The iShares S&P 500 Value ETF (IVE), has outpaced the broader market by a sizable margin in recent weeks and as of late Wednesday trade (see attached table and chart) was on track to beat the broader market for the week, month and three-month period, with an outside shot of eclipsing year-to-date gains for its rival iShares Russell 1000 Growth ETF (IWF), should the trend extend.

In fact, the exchange-traded fund — the most popular ETF product that offers investors a chance to gain exposure to company’s perceived as undervalued by some metric — already has notched an all-time high, as of Wednesday afternoon, while the S&P 500 index (.SPX), Dow Jones Industrial Average (.DJI), and Nasdaq Composite Index (.IXIC), were still struggling to surpass recent records closing peaks hit in the summer.

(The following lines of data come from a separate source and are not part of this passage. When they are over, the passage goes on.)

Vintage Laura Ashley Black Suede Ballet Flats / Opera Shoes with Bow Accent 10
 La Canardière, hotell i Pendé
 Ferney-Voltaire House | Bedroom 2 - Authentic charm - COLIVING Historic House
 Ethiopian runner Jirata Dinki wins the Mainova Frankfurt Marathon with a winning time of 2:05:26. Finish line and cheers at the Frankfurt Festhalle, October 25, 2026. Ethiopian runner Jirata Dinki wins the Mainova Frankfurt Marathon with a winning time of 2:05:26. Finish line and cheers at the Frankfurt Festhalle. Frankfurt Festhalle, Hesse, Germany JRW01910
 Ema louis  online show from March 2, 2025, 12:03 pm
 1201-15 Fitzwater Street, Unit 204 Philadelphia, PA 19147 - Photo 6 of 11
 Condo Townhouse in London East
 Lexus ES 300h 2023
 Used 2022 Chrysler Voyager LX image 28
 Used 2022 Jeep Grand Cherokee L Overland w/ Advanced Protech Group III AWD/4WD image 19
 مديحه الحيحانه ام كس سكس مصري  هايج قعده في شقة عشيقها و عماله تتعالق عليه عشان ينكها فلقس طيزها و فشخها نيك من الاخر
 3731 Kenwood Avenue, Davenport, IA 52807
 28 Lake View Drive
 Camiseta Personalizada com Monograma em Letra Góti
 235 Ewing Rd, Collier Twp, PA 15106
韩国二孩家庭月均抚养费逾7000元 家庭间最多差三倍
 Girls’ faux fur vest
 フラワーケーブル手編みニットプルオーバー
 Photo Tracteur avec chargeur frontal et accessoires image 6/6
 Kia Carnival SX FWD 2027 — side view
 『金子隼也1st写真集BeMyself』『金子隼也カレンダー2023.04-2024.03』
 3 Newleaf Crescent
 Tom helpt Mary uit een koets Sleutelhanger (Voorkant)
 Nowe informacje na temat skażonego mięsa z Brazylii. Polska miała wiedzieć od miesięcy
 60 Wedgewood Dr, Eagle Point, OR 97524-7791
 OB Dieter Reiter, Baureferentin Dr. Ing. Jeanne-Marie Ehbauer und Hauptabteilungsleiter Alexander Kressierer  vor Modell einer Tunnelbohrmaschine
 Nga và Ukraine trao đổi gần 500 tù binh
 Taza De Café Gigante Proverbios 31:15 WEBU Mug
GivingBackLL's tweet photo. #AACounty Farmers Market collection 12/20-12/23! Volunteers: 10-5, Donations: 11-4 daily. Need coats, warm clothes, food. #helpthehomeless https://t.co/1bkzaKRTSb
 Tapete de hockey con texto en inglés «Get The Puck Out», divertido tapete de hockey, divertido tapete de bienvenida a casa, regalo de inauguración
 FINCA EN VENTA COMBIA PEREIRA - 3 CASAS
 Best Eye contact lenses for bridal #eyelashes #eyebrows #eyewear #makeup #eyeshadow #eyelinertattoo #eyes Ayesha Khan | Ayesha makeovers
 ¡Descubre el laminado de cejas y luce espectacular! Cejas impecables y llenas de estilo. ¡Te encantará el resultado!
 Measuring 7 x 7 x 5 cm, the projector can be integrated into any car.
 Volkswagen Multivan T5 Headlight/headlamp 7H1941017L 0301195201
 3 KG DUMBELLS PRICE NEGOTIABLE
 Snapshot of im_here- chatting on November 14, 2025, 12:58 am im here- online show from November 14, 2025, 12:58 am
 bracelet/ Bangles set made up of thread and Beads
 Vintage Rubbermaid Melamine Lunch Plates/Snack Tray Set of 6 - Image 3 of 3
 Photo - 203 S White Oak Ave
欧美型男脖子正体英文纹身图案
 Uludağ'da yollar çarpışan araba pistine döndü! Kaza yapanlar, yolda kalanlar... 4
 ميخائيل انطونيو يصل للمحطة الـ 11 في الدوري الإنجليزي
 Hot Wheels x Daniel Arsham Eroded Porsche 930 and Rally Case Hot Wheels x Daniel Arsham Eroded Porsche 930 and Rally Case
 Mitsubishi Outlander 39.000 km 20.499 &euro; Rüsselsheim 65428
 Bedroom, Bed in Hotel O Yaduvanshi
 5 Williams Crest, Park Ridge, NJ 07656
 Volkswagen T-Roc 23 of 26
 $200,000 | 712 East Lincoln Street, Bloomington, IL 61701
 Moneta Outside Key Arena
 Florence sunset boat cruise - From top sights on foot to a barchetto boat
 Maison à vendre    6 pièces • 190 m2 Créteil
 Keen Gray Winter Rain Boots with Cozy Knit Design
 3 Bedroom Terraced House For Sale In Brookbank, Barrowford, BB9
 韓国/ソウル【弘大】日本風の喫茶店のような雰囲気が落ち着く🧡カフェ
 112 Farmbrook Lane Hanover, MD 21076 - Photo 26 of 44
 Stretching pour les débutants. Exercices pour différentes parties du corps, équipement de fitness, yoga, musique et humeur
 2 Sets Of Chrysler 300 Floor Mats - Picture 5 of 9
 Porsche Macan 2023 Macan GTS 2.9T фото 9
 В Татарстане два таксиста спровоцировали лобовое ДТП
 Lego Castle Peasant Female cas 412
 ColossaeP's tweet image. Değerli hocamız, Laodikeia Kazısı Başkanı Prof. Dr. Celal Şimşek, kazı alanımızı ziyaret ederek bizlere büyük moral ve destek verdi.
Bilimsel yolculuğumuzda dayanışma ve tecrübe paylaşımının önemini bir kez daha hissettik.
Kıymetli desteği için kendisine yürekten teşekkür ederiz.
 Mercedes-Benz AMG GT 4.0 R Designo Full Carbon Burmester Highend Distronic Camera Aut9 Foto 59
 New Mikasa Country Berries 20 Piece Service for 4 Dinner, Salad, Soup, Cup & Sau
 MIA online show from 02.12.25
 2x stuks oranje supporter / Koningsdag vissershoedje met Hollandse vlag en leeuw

So-called value stocks are those which have low valuations based on measures like price-to-earnings or price-to-book value, for example, while growth stocks are those that have exhibited faster-than-average expansion in revenues, cash flows or profits in recent period.

Value has lagged behind growth names since the 2008 financial crisis brought global markets to their knees and has failed to regain its footing since. However, the recent renaissance of value, begun in late August, has some investors believing that value’s return to form may be something more than just a fleeting move.

The rally in value has also come amid a broad advance for bonds, gold and equities, which are all enjoying outsize year-to-date gains, despite that those strategies tending to be inversely correlated, with stock advances usually coinciding with losses for gold.

However, fiscal stimulus and monetary easing being employed by global central bankers, including the Federal Reserve, may be upending conventional strategies because investors are keeping one eye on a market and economic cycle that looks likely to sour in the U.S., and instead buying safe assets, while at the same time seeking richer returns in a world of government debt that offers yields of less than 0%.

Analysts at Goldman Sachs in an Oct. 11 research note make the case that value has made a comeback because its relative discount compared to growth names has made it a compelling investment. “As value stocks have meaningfully underperformed this cycle, the valuation gap between the most expensive and least expensive S&P 500 stocks has opened to the widest level since 2000,” researchers at Goldman including strategist David Kostin wrote.

That said, Goldman remains bullish on highflying growth names.

“We prefer growth over value unless the economic growth outlook changes materially,” Kostin & Co. wrote.